A Michelin-starred Zhejiang and Shanghainese restaurant on Wan Chai's Lockhart Road, Zhejiang Heen is run by Hongkongers of Zhejiang descent and ranked #253 in Opinionated About Dining's Top Restaurants in Asia for 2025. The menu moves between regional delicacies and Shanghai classics, with pre-order dishes like the seared swamp eel drawing particular attention from regulars and critics alike.

Zhejiang Heen restaurant in Hong Kong, Hong Kong
About

Wan Chai's Unlikely Address for a Regional Chinese Tradition

Hong Kong's Chinese fine dining scene has long been dominated by Cantonese. The city's Michelin constellation skews heavily toward dim sum masters and roast-meat institutions, with Zhejiang and Shanghainese cooking occupying a quieter corner of the recognition map. That makes the sustained critical attention on Lockhart Road in Wan Chai worth examining: a first-floor dining room above the street-level noise of one of Hong Kong's most commercially dense corridors, serving the cuisine of Zhejiang province to a clientele that includes both the diaspora community it emerged from and a wider audience that has followed the awards trail in.

Zhejiang Heen has held a Michelin star since at least 2024, and its trajectory on the Opinionated About Dining rankings tells a clear story of consolidating recognition: Highly Recommended in 2023, ranked #235 in 2024, and #253 across all of Asia in 2025. In a list that covers the full breadth of the continent's restaurant culture, maintaining a position in the top 300 across consecutive years is a meaningful signal. For context, it places Zhejiang Heen in a peer tier that includes Hong Kong's French fine dining rooms — Amber, Caprice — and modernist destination restaurants like Ta Vie, yet Zhejiang Heen operates at a substantially lower price point ($$), which makes it an anomaly in the city's critical upper tier.

The Architecture of a Zhejiang Meal

Zhejiang cuisine is among China's eight recognized culinary traditions, shaped by the freshwater lakes, rice paddies, and coastline of a province that includes Hangzhou, Ningbo, and Wenzhou. Its character tends toward lighter saucing than Shanghainese cooking, with a preference for steaming, poaching, and precise knife technique over heavy reduction. The cuisine prizes texture and natural sweetness, and its greatest dishes often look simpler than they are.

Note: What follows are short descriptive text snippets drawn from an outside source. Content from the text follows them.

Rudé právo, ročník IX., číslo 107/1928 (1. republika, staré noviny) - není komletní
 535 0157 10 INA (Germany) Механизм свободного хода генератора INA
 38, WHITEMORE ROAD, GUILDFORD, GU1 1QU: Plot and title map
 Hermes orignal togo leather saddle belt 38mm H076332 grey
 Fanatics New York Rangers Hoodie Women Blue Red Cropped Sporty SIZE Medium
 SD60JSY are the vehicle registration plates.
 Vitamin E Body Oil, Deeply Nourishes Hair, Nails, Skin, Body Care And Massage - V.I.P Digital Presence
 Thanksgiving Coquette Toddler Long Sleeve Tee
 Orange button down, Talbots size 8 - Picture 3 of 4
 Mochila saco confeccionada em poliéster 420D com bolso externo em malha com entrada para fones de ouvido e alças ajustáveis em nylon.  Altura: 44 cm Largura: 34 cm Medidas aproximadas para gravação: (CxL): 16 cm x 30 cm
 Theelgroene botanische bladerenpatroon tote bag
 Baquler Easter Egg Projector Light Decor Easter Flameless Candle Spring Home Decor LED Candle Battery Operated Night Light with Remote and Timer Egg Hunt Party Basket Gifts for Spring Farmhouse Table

At Zhejiang Heen, the menu places Zhejiang delicacies alongside Shanghainese specialities, a pairing that reflects both the geographic proximity of the two traditions and the tastes of the restaurant's Zhejiang-descended ownership. The Shanghainese additions give the menu a familiar anchor for diners who know red-braised pork or hairy crab preparations, while the Zhejiang dishes offer something less commonly encountered in Hong Kong's restaurant landscape.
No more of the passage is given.